Fine-tuned sequence-to-sequence (encoder–decoder) Transformer for English text simplification.
Trained on the dataset eilamc14/wikilarge-clean (cleaned WikiLarge-style pairs).

  • Model type: Seq2Seq Transformer (encoder–decoder)
  • Language (NLP): English
  • License: apache-2.0
  • Finetuned from model: google/pegasus-xsum

Model Sources

Uses

Direct Use

The model is intended for English text simplification.

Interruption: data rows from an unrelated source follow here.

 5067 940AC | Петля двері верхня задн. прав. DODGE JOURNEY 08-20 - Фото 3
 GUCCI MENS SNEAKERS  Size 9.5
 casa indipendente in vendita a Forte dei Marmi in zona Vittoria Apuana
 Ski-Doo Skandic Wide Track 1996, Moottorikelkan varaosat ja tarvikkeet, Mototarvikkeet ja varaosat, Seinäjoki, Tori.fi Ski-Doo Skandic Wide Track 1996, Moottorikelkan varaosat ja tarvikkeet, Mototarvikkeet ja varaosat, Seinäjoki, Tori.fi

  • Input format: Simplify: <complex sentence>
  • Output: <simplified sentence>

Typical uses

  • Research on automatic text simplification
  • Benchmarking against other simplification systems
  • Demos/prototypes that require simpler English rewrites

Downstream Use

This repository already contains a fine-tuned model specialized for text simplification.

Further fine-tuning is optional and mainly relevant when:

  • Adapting to a markedly different domain (e.g., medical/legal/news)
  • Addressing specific failure modes (e.g., over/under-simplification, factual drops)
  • Distilling/quantizing for deployment constraints

When fine-tuning further, keep the same input convention: Simplify: <...>.

Out-of-Scope Use

Not intended for:

  • Tasks unrelated to simplification (dialogue, translation etc.)
  • Production use without additional safety filtering (no toxicity/bias mitigation)
  • Languages other than English
  • High-stakes settings (legal/medical advice, safety-critical decisions)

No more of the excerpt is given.